Duncan didn't have the heart to tell the guy Lilly was out with Casey Gant. "Nah, man. Wanna come in anyway?"
Logan seemed shifty. "Yeah, I guess."
It was the cowed head as Logan sat stiffly on Duncan's couch that suddenly sparked something in his memory. Lilly's tears after Logan left one afternoon. Lilly was not a crier. Lilly got angry, Lilly got revenge, Lilly did not cry. After he'd pressed, there'd been terse comments about belts and bruises and bastards. Duncan watched Logan carefully after that, but Logan seemed the same as ever, except for now on the couch.
"Your dad?" Duncan asked in a broken whisper, knowing that unlike with Lilly, he could not press this. He'd been lucky the first time, catching a rare vulnerable moment. He'd likely not get lucky again.
"Lilly told you," Logan said flatly, which made her current betrayal all the worse.
"Yeah. You wanna--"
"Talk about it?" Logan's laugh turned into a cough. "Not much to say. Same old song and dance."
"Okay."
"Is there--"
But the rest of Duncan's question was lost in the sudden violent crush of Logan's mouth on his own. The little voice in Duncan's head figured out this must have been how Lilly helped him cope. And the rest of him decided he didn't mind.
That was the first time.
Duncan's head throbbed post-funeral, with one immutable, irrefutable fact: Lilly is dead.
His sister was as dead and buried as Duncan's memories from the past few days. Celeste's grip was tight around his waist, maybe her way of making sure he wasn't lost, too.

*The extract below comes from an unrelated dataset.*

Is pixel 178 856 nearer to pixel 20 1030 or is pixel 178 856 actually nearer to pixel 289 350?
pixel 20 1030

Vague snippets of conversation danced on the wind around him, select words funneling into his ear canal. Murder. I'm so sorry. Investigation. She was so young. They battled for dominance in his head: murder, Lilly, Lilly, murder, Lilly Lilly Lilly...
Dead.
Logan came into Duncan's view with perfect clarity, his appearance silencing the chaos in Duncan's brain. He would've smiled at his friend if he could remember how.
"Logan," said Jake.
"Mr. Kane. Mrs. Kane."
Celeste said nothing.
Jake again: "Normally I'd ask how you were holding up, but..."
Logan's smile was a wan reflex. "Right. Hey, um, I was..." This was a first, Duncan thought, Logan's inability to articulate. "I can drive Duncan home, if you don't mind."

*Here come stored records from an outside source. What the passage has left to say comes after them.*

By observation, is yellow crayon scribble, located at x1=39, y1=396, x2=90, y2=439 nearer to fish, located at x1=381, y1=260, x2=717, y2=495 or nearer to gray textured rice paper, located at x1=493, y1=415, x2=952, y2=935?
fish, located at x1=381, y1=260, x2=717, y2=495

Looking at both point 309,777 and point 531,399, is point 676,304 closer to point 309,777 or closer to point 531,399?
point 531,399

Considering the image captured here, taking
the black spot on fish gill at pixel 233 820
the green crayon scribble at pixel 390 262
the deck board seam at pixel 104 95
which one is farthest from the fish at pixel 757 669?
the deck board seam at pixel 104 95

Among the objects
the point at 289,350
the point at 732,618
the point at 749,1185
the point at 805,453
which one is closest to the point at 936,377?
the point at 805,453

"No, not at all," said Jake. "Thank you very much, Logan." As much as they disliked Lilly, Duncan's parents (his alone, now) absolutely adored Logan. It was less his charming personality and more of his affluent, influential parents, Duncan suspected. He wondered how delighted they'd be if they knew Logan had defiled not one, but both of their children.

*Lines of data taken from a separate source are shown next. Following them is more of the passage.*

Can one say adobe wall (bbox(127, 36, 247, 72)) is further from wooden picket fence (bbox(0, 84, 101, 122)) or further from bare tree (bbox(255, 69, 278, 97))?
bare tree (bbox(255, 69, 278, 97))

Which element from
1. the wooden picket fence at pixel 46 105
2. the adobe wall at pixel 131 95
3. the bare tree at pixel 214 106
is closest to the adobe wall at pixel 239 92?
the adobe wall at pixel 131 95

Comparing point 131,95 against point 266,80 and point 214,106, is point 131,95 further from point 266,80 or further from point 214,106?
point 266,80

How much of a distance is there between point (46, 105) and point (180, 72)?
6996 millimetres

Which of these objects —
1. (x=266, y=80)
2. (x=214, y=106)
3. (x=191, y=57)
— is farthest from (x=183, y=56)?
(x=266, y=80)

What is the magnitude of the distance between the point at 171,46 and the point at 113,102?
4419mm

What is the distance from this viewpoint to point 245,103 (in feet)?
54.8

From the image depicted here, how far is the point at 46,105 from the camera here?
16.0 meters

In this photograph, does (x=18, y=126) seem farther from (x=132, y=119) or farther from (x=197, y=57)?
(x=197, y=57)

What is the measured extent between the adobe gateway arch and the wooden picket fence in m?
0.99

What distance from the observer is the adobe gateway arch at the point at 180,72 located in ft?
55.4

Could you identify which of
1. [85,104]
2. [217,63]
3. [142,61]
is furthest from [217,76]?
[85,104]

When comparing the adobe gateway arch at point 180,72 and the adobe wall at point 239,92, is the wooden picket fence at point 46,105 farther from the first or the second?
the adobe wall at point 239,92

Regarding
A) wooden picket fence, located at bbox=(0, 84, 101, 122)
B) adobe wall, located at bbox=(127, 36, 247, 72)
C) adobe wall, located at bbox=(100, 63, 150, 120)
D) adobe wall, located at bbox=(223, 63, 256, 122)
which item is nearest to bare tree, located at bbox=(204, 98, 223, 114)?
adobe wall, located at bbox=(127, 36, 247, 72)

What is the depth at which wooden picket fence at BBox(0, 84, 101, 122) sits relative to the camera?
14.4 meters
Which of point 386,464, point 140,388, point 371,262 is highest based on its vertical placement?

Jake's hand landed warm and heavy on Duncan's shoulder. "You boys take your time, now," he said, managing to throw a tired smile his son's way. "You have a lot to talk about."
Duncan took the love warily. And guiltily, knowing perfectly well that talking wasn't on the agenda.
The backseat of the X-Terra, halfway home on the PCH, sloppy and fast as ever. It was hard to tell who was grieving more. Even with their bodies linked so tightly, there was an unmistakable gap between them, the three days Duncan had lost, days where they'd needed each other (needed someone) and were left to fumble through alone.
And even with Logan there - right there - Duncan still felt alone.
Lilly had barely been buried when the sheriff's department tried to dig her up, tear her apart.
Duncan didn't know what his parents had or hadn't said. He barely knew what he himself said. He didn't remember. Didn't remember the interview, didn't remember the day Lilly died. He knew it was a blackout, his worst yet, but he couldn't explain that. He couldn't tell Sheriff Mars the truth, because then Veronica would know the truth.
Oh, God, Veronica.
It hit him all at once, the idea that he'd lost the two women he'd loved the most, so close to one another.
It hit him that he'd lost both of his sisters.
He ended up at Logan's.
"Duncan, how are you?" Aaron Echolls asked, cinematically concerned. Duncan, for his part, couldn't meet the movie star's eye. He'd been at Logan's plenty since Lilly had divulged the secret, but Aaron had never been there, always off filming.
He'd always been nice to Duncan. Lynn, too. Genial, welcoming, glad (like the Kanes) that their son chose to associate with those like his own, gladder still that Duncan was comparatively sane. Of course, the definition of sanity had no meaning here. Or anywhere in Neptune.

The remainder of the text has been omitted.